[Image-caption web data]
=== Begin Enclosure ===
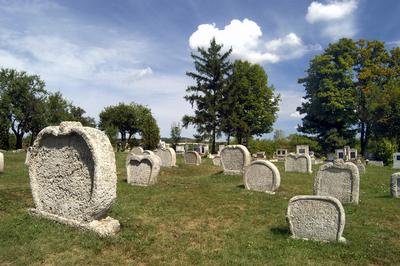 Balatonudvari, szív alakú sírkövek-stock-foto
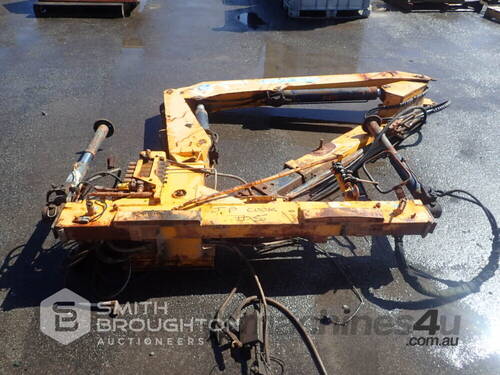 2008 EFFER 42-2S YELLOW TRUCK CRANE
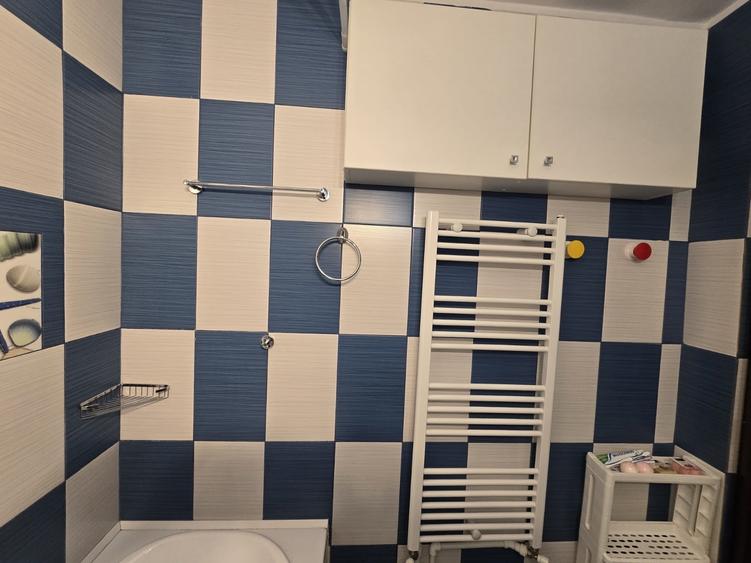 Apartament cu 2 camere semidecomandat în Tomis II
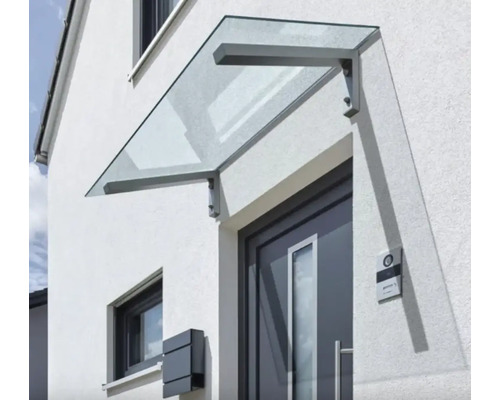 Sklenená strieška nad vchodovými dverami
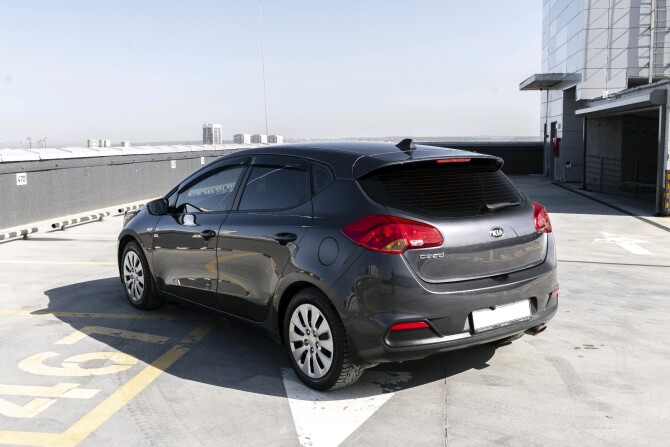 Kia Ceed II с пробегом 2015 года, цена 949 000 рублей, 274605 км, хэтчбек, Автокод Объявления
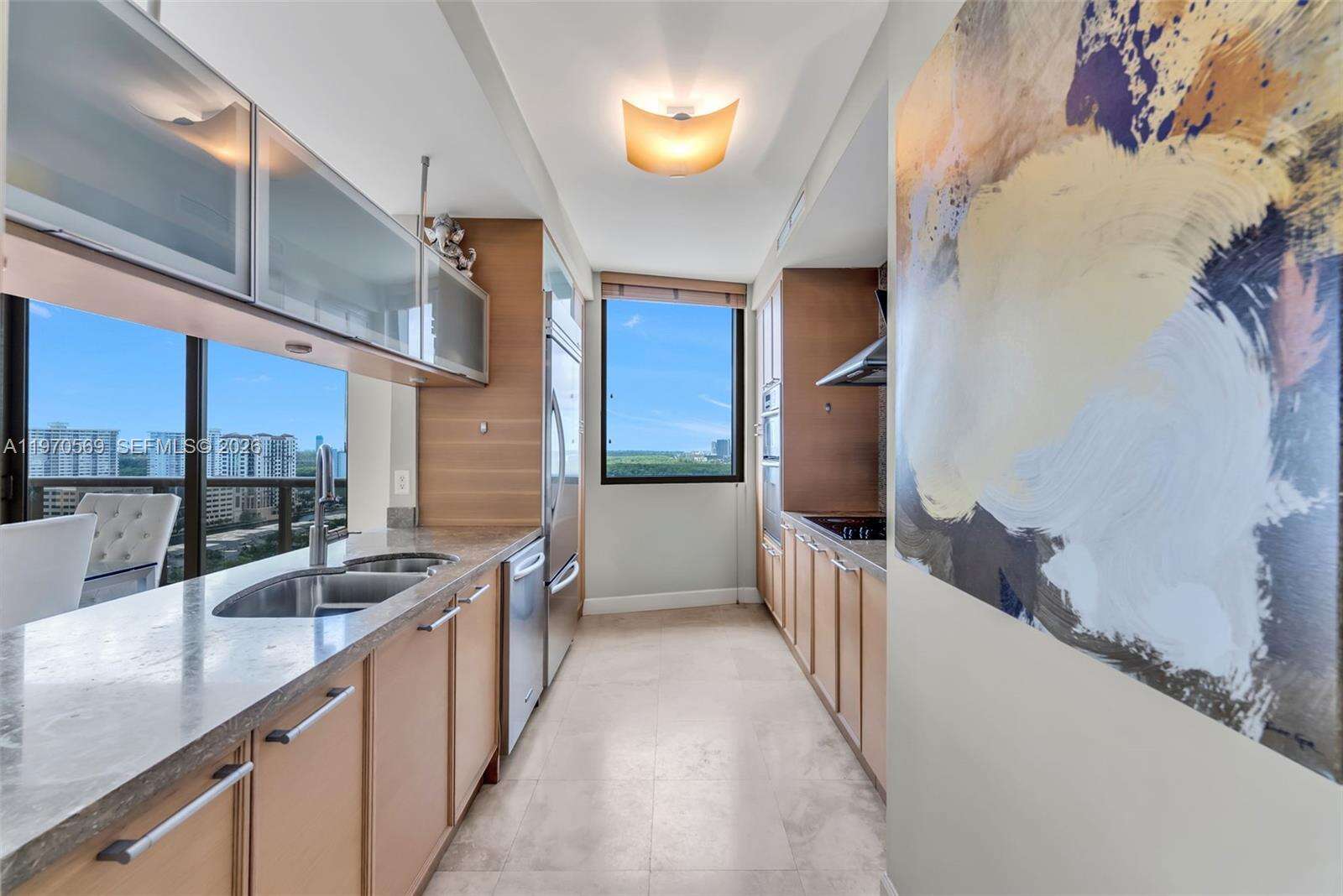 SAYAN - 16275 Collins Ave, Sunny Isles Beach, FL 33160 | Picture 5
=== End Enclosure ===
Work required: Write the lines out exactly, beginning at the line that holds "Kia Ceed II" and stopping after the last line of the entries; include no pictures.

Exercise answer:
 Kia Ceed II с пробегом 2015 года, цена 949 000 рублей, 274605 км, хэтчбек, Автокод Объявления
 SAYAN - 16275 Collins Ave, Sunny Isles Beach, FL 33160 | Picture 5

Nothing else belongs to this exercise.